EXPERT Subsidence · Further Knowledge · E4 of 6
Cause of action — nuisance and/or negligence
Both routes need causation AND foreseeability. Choice depends on tree owner type and what evidence is available.
| Private nuisance | Negligence | |
|---|---|---|
| Element 1 | Proprietary interest in damaged property | Duty of care from tree owner |
| Element 2 | Causation | Breach of that duty |
| Element 3 | Foreseeability | Causation |
| Element 4 | — | Foreseeability |
Causation test
Tree must be the "effective and substantial cause" (Paterson v Humberside CC 1995) or "material cause" (Loftus-Brigham v Ealing 2003). Balance of probabilities — more likely than not.
Evidence pack you'll need
- Photographs of damage and roots in trial pits
- Root analysis — positive identification of roots under foundations
- PH witness statement — length of residence, when first noticed, tree owner's tending, seasonal opening/closing
- Soil analysis at proper time of year (winter test may not show desiccation — beware false negatives)
- Monitoring — cyclical and progressive movement; ideally continuing post-removal of implicated tree
- Arboriculturist's report (causation + foreseeability)
- Consulting Engineer's report (extent of damage + likely cause + appropriate repair)
Foreseeability — different rules for LAs vs domestic owners
Local Authorities harder to defend
Aware in principle since the mid-1970s of risks of failing to maintain trees in dry conditions (Russell v LB Barnet 1984). But mere proximity is not enough — there must be a real risk (Berent v Family Mosaic & Islington 2012). LA is expected to have a reasonable maintenance regime in place.
Domestic owners harder to recover
Generally treated as unable to foresee tree-root damage (Greenwood v Portwood 1984). Hard-line approach in Butcher v Perkins 1992 rarely followed.

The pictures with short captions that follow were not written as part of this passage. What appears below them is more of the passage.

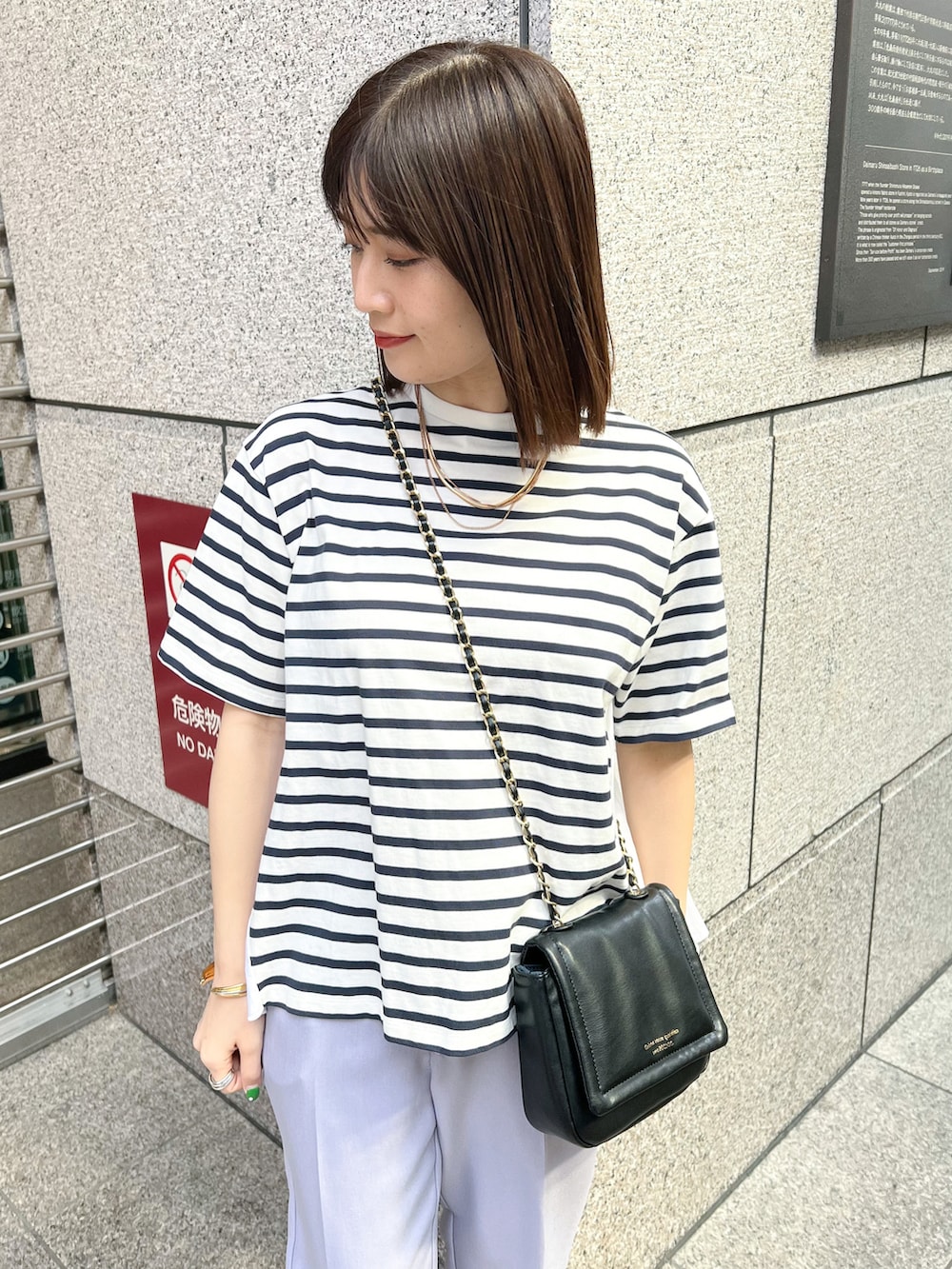 ブラック系のショルダーバッグ、ブルー系のTシャツ/カットソー、パープル系のその他パンツを着用したレディースの春コーディネートの3枚目の写真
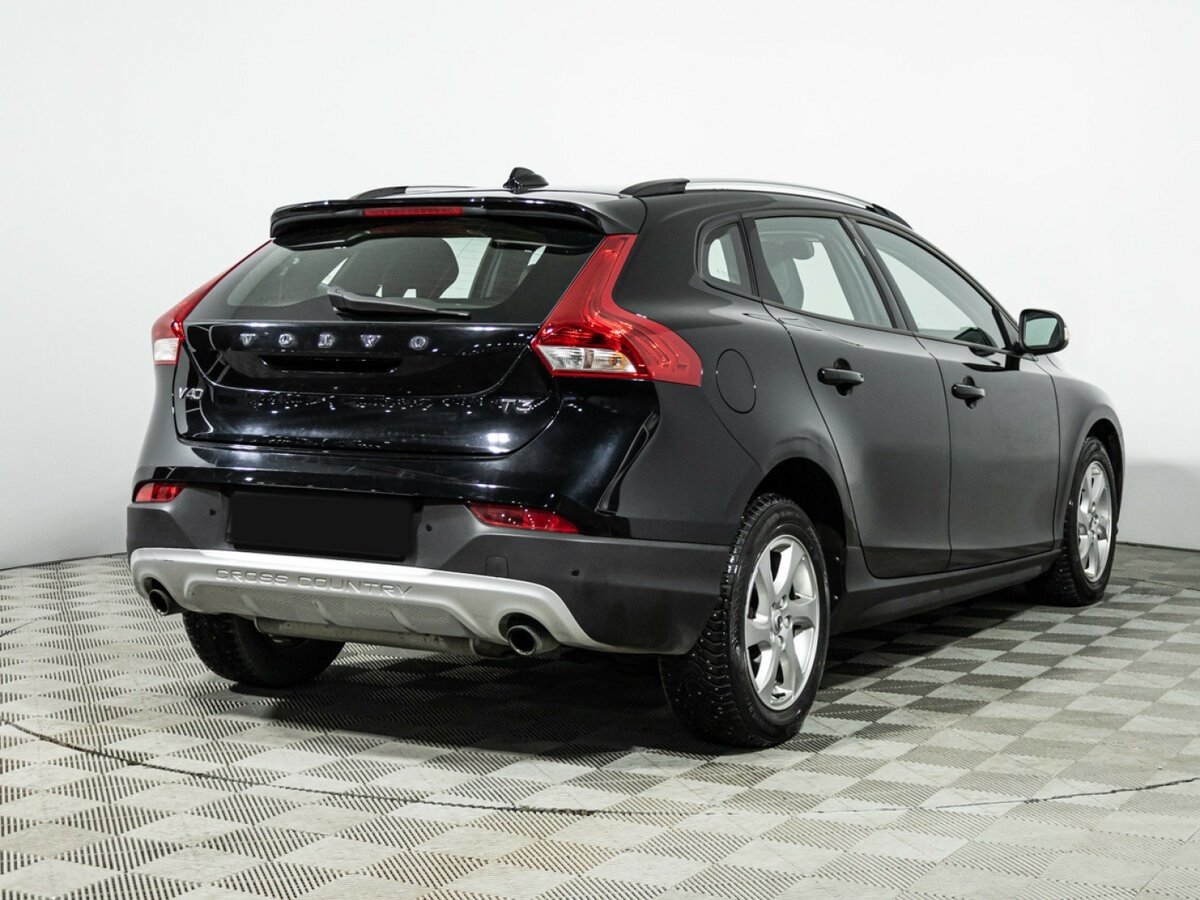 Volvo V40 Cross Country с пробегом — 2017 год. Фото: #4
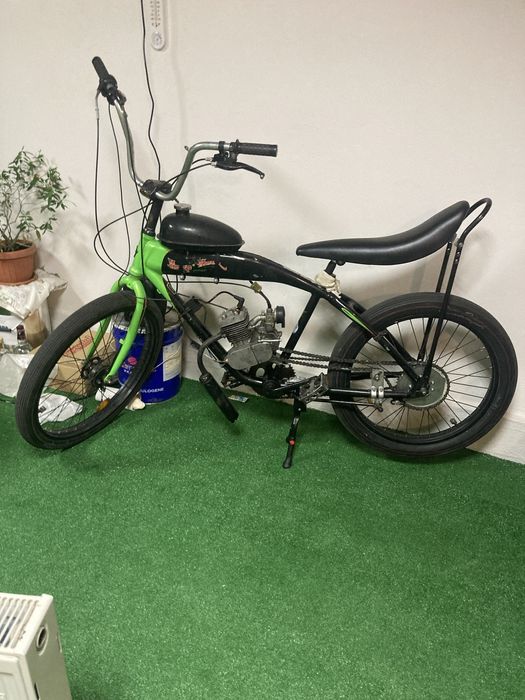Bicicleta cu motor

Recovery from domestic owner still possible, but requires:
- Putting them on notice early
- Providing evidence of causation
- Demonstrating they failed to act after notice
See also the ABI Domestic Tree Root Agreement (Module E6).
Capacity to sue
Hunter v Canary Wharf 1997: Claimant must have proprietary interest. Delaware Mansions v Westminster 2001 (HoL): continuing nuisance can extend liability across changes of ownership; defendant entitled to notice and reasonable opportunity to abate.
Limitation
- Negligence: 6-year limitation from damage
- Nuisance: ongoing tort — fresh cause of action accrues each day
- Apportion damage: last 6 years recoverable in nuisance, earlier limitation-barred
- Latent Damage Act 1985: extends by 3 years from discovery, 15-year long-stop
Key cases — at a glance
| Case | Year | Principle |
|---|---|---|
| Paterson v Humberside CC | 1995 | "Effective and substantial cause" test; shallow foundations no defence |
| Loftus-Brigham v Ealing | 2003 | "Material cause" test; vegetation comparison wrongly applied at trial |
| Delaware Mansions v Westminster | 2001 HoL | Continuing nuisance crosses ownership change; right to notice + chance to abate |
| Jones v Portsmouth CC | 2002 | Test for "reasonable opportunity to abate" |
| Hunter v Canary Wharf | 1997 | Proprietary interest required to sue in private nuisance |
| Berent v Family Mosaic & Islington | 2012 | LA needs "real risk", not mere proximity |
| Russell v LB Barnet | 1984 | LAs deemed aware of tree risks since mid-1970s |
| Greenwood v Portwood | 1984 | Domestic owner generally cannot foresee |
| Butcher v Perkins | 1992 | Hard-line domestic foreseeability — generally not followed |
| Hurst v Hampshire CC | 1997 | LA owns highway tree for all purposes regardless of subsoil ownership |
| Bunclark v Hertford CC | 1977 | Poor construction no defence ("eggshell skull" equivalent) |
| McCombe v Read | 1955 | Tree predating house no defence |
| Westminster v John Lyon | 2012 | TPO refusal compensation: future foreseeable underpinning recoverable from LA |
| Shelfer v City of London Electric | 1895 | 4-element test for damages in lieu of injunction |
Quantum challenges
Defendant tree owners will often challenge the cost of repairs, particularly underpinning. The Claimant only has to demonstrate that the repairs were reasonably necessary and that their nature and extent were reasonable. Distress/inconvenience claimable but courts award low.